If you prefer to use the Cloud Shell or a terminal window to create the cluster on the command line, or you have scripts or other automation framework, be sure to specify the initialization action for the Pepperdata bootstrap script and the required metadata in your clusters create command.

For example:

gcloud dataproc clusters create <my-cluster> \
    --region=${REGION} \
    --initialization-actions=gs://<my-bucket>/install-packages/<base-dir>/dataproc/bootstrap \
    --metadata=PepperdataBucket=<my-bucket>,Realm=<my-cluster>

Add Pepperdata to Existing/Running Cluster

This procedure is for configuring Pepperdata activation on hosts in an existing/running cluster: already-running hosts and hosts that will be created in the future.

Prerequisites

Every currently-running host in the cluster must already have an initialization (bootstrap) script.

If there is no initialization script, you must destroy the cluster and re-create it so that every host has an initialization script. The script can be empty or you can follow the procedure for activating Pepperdata on a new cluster.
Be sure that you’ve installed Pepperdata on every already-running host.

Procedure

Although you can manually perform the procedure steps on every already-running host, to save time or if you have a lot of hosts, we recommend that you use any existing automation framework that you have or create a shell script with the required commands.

Beginning with any already-running host, log in to the host.
Activate Pepperdata on the already-running host.
1. From the command line, copy the Pepperdata bootstrap script that you extracted from the Pepperdata package from its local location to any location in your GDP environment.
  
  For example:
  
  sudo gsutil cp gs://<pd-bootstrap-script-from-install-packages> /tmp/bootstrap
2. Run the Pepperdata bootstrap script.
  
  sudo bash /tmp/bootstrap <bucket-name> <realm-name>
  
  The script finishes with a Pepperdata installation succeeded message.
3. Repeat steps a–b on every already-running host.
Add bootstrap actions to activate Pepperdata on new hosts as they’re created.

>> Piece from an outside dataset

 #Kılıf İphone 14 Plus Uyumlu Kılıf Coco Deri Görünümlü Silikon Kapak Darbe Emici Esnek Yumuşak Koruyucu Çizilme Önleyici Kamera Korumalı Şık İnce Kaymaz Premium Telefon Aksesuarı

Important: For existing/running clusters, do not try to change the configured pointer/name of the bootstrap script to the Pepperdata bootstrap script. Doing so will not result in activating Pepperdata on new hosts as they’re created.
1. Download a copy of your existing cluster bootstrap script (not the Pepperdata bootstrap script) to a location where you can edit it.
2. Open the script for editing.
3. Add the same activation commands to it that you previously ran for the already-running hosts.
```
sudo gsutil cp gs://<pd-bootstrap-script-from-install-packages> /tmp/bootstrap
sudo bash /tmp/bootstrap <bucket-name> <realm-name>
```
4. Save your changes and close the file.
5. Upload the revised file to overwrite the original cluster bootstrap script.